▶ Assignment
Using the listing below, print the line containing "26 Holbeck Hill, Scarborough, YO11", the line containing "周董儿女在家任意涂画，新东方在线教你这样为孩子创造艺术环境", and each line between them, exactly and nothing else. Pictures stay out of the print.

▶ Records shown
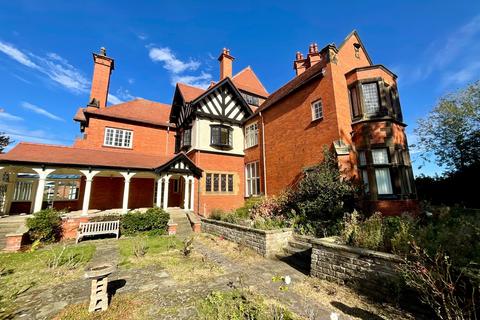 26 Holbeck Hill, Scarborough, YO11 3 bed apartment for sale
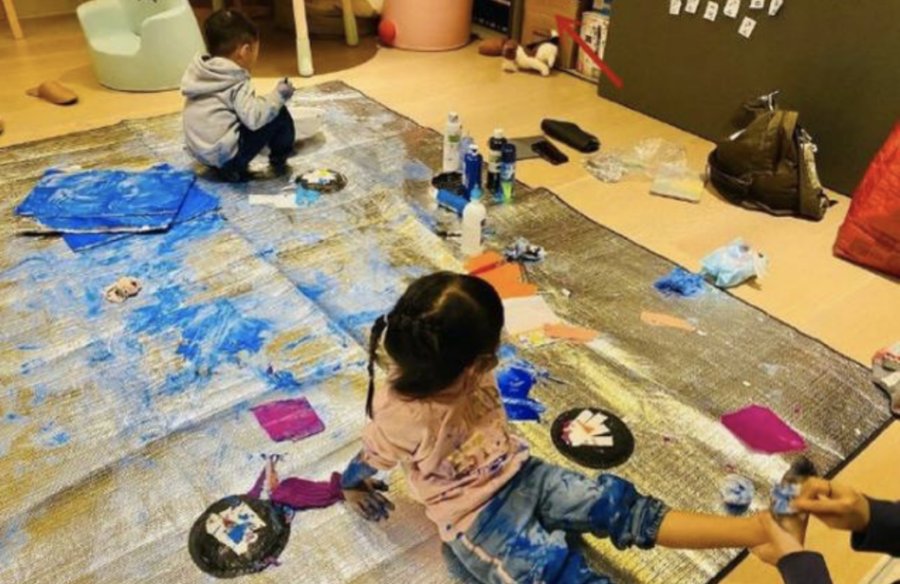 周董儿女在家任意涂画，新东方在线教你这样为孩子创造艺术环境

==

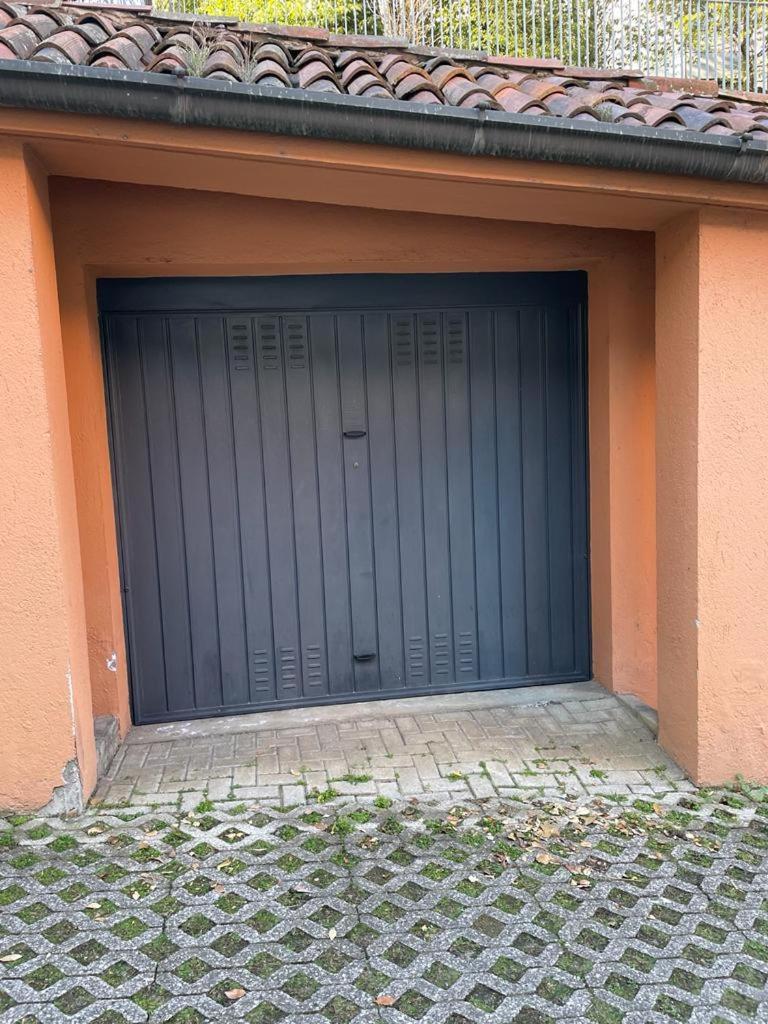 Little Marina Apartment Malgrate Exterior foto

▶ Exercise result
 26 Holbeck Hill, Scarborough, YO11 3 bed apartment for sale
 周董儿女在家任意涂画，新东方在线教你这样为孩子创造艺术环境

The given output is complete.